Best way to handle large lists?

Chaz Ginger · Oct 3, 2006

I have a system that has a few lists that are very large (thousands or
tens of thousands of entries) and some that are rather small. Many times
I have to produce the difference between a large list and a small one,
without destroying the integrity of either list. I was wondering if
anyone has any recommendations on how to do this and keep performance
high? Is there a better way than

[ i for i in bigList if i not in smallList ]

Thanks.
Chaz

Duncan Booth · Oct 3, 2006

Chaz Ginger said:
I have a system that has a few lists that are very large (thousands or
tens of thousands of entries) and some that are rather small. Many times
I have to produce the difference between a large list and a small one,
without destroying the integrity of either list. I was wondering if
anyone has any recommendations on how to do this and keep performance
high? Is there a better way than

[ i for i in bigList if i not in smallList ]

How about:

smallSet = set(smallList)
something = [ i for i in bigList if i not in smallSet ]
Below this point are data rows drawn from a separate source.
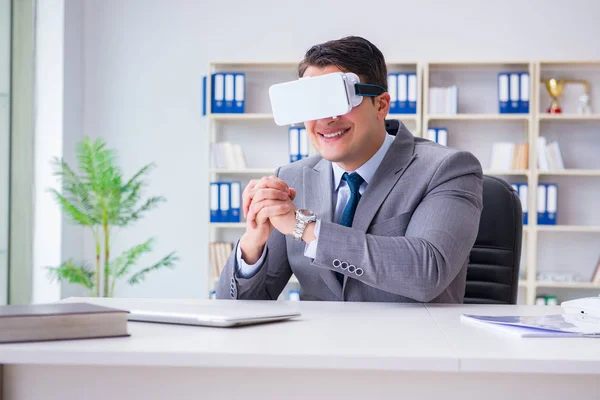 Hombre de negocios con gafas de realidad virtual en tecnología moderna co —  Fotos de Stock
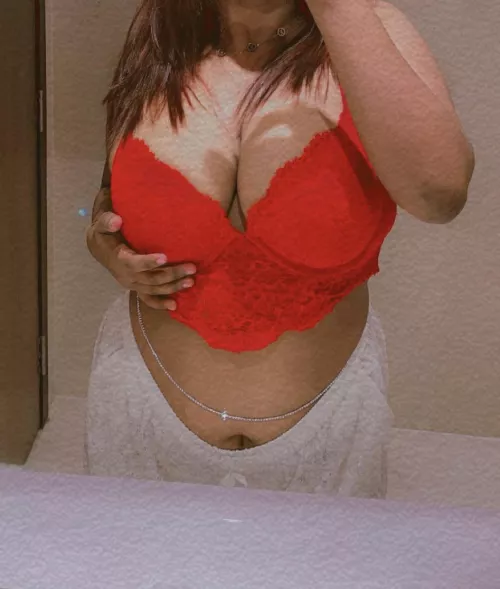 Ready to be daddy playtoy 🍒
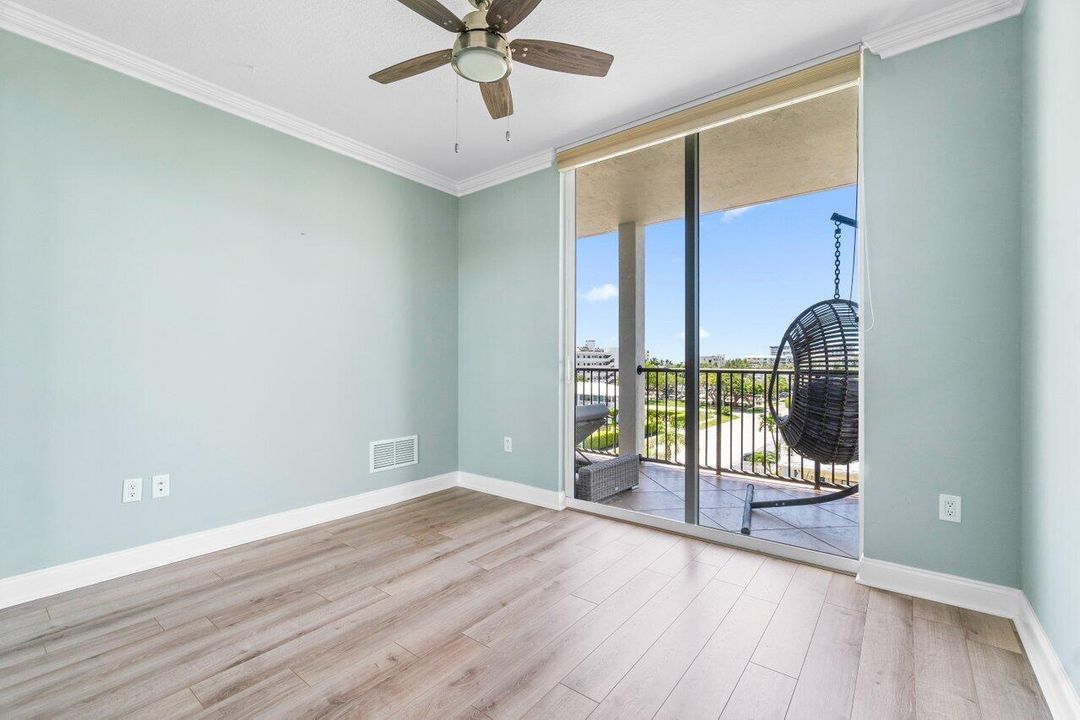 For Sale: $840,000 (3 beds, 2 baths, 1751 Square Feet)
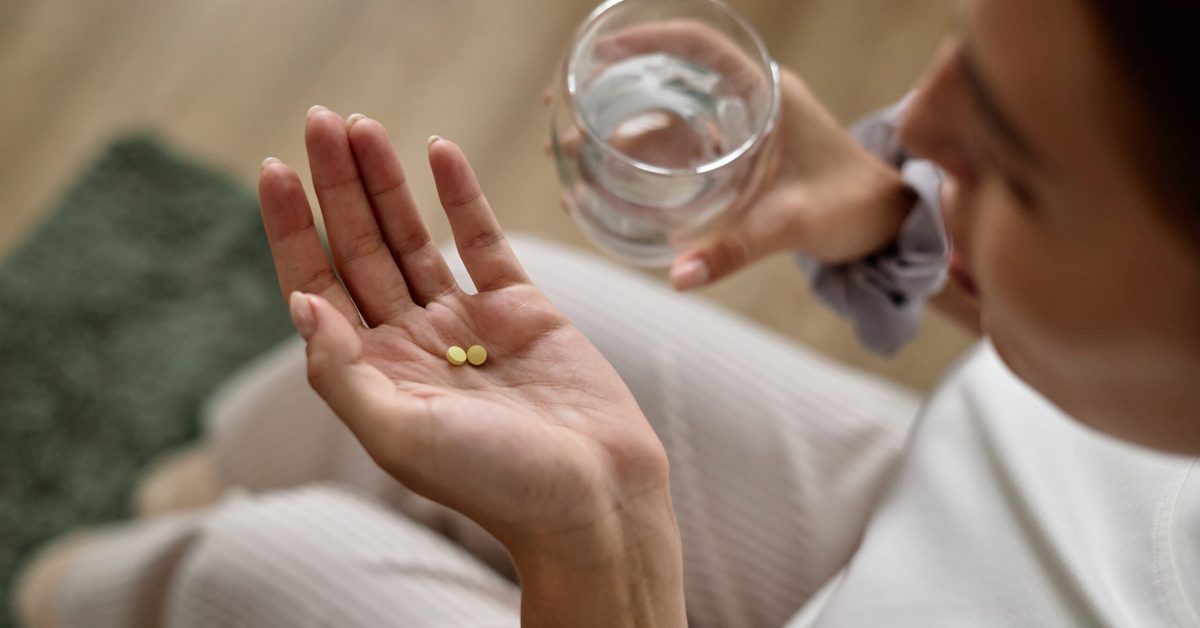 ACI_HRT Safe_Risks and Benefits of Hormone Therapy for Women_BLOG_A.jpg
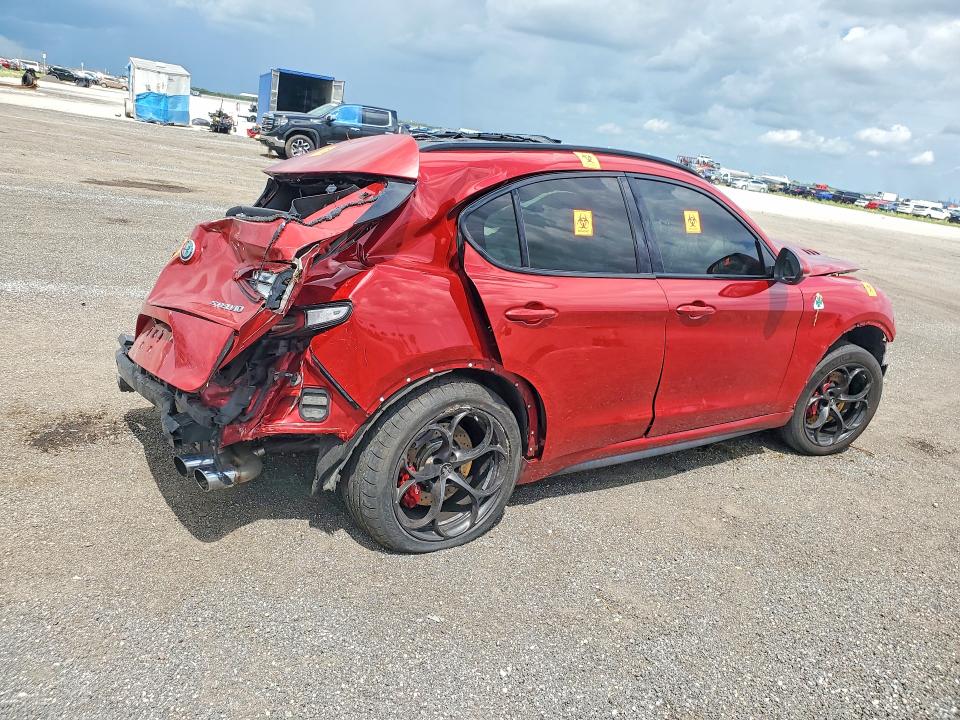 2018 Alfa romeo VIN ZASFAKEV2J7C18478 COPART salvage auction — ROLLOVER, Fl - Cert Of Title Slvg Rebuildable, sold $3,600 on 2026-08-10 (photo 3)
Use timeit.py on some representative data to see what difference that
makes.

Paul Rubin · Oct 3, 2006

Chaz Ginger said:
I have a system that has a few lists that are very large (thousands or
tens of thousands of entries) and some that are rather small. Many times
I have to produce the difference between a large list and a small one,
without destroying the integrity of either list. I was wondering if
anyone has any recommendations on how to do this and keep performance
high? Is there a better way than

[ i for i in bigList if i not in smallList ]

diff = list(set(bigList) - set(smallList))

Note that doesn't get you the elements in any particular order.

durumdara · Oct 3, 2006

Chaz Ginger írta:

I have a system that has a few lists that are very large (thousands or
tens of thousands of entries) and some that are rather small. Many times
I have to produce the difference between a large list and a small one,
without destroying the integrity of either list. I was wondering if
anyone has any recommendations on how to do this and keep performance
high? Is there a better way than

[ i for i in bigList if i not in smallList ]

Thanks.
Chaz

Hi !

If you have big list, you can use dbm like databases.
They are very quick. BSDDB, flashdb, etc. See SleepyCat, or see python help.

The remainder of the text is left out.